▶ Exercise requirements: The entries should be given again in full. Alter nothing.

▶ Stored records:
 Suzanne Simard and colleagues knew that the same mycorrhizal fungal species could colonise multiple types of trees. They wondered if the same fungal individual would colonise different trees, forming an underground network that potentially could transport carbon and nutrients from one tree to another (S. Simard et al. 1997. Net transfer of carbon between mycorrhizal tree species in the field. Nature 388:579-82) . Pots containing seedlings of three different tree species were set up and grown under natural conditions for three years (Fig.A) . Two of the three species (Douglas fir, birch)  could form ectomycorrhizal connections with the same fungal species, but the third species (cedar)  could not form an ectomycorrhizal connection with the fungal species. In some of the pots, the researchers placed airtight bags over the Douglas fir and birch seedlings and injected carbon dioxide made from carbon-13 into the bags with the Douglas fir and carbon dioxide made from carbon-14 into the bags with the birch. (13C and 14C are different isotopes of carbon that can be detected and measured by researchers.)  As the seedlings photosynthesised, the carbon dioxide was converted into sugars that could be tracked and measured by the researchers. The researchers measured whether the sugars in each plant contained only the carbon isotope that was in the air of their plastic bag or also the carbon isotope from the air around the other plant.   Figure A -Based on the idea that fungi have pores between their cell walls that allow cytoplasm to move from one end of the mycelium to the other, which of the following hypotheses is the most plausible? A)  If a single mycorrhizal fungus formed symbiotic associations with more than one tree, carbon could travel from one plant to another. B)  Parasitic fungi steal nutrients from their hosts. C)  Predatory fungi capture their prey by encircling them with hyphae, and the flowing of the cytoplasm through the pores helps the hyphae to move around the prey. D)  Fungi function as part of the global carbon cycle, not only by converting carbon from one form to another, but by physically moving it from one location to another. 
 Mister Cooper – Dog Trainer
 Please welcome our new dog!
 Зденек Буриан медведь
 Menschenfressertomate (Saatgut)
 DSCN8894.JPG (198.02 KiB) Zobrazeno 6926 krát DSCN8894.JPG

▶ Written response:
 Suzanne Simard and colleagues knew that the same mycorrhizal fungal species could colonise multiple types of trees. They wondered if the same fungal individual would colonise different trees, forming an underground network that potentially could transport carbon and nutrients from one tree to another (S. Simard et al. 1997. Net transfer of carbon between mycorrhizal tree species in the field. Nature 388:579-82) . Pots containing seedlings of three different tree species were set up and grown under natural conditions for three years (Fig.A) . Two of the three species (Douglas fir, birch)  could form ectomycorrhizal connections with the same fungal species, but the third species (cedar)  could not form an ectomycorrhizal connection with the fungal species. In some of the pots, the researchers placed airtight bags over the Douglas fir and birch seedlings and injected carbon dioxide made from carbon-13 into the bags with the Douglas fir and carbon dioxide made from carbon-14 into the bags with the birch. (13C and 14C are different isotopes of carbon that can be detected and measured by researchers.)  As the seedlings photosynthesised, the carbon dioxide was converted into sugars that could be tracked and measured by the researchers. The researchers measured whether the sugars in each plant contained only the carbon isotope that was in the air of their plastic bag or also the carbon isotope from the air around the other plant.   Figure A -Based on the idea that fungi have pores between their cell walls that allow cytoplasm to move from one end of the mycelium to the other, which of the following hypotheses is the most plausible? A)  If a single mycorrhizal fungus formed symbiotic associations with more than one tree, carbon could travel from one plant to another. B)  Parasitic fungi steal nutrients from their hosts. C)  Predatory fungi capture their prey by encircling them with hyphae, and the flowing of the cytoplasm through the pores helps the hyphae to move around the prey. D)  Fungi function as part of the global carbon cycle, not only by converting carbon from one form to another, but by physically moving it from one location to another. 
 Mister Cooper – Dog Trainer
 Please welcome our new dog!
 Зденек Буриан медведь
 Menschenfressertomate (Saatgut)
 DSCN8894.JPG (198.02 KiB) Zobrazeno 6926 krát DSCN8894.JPG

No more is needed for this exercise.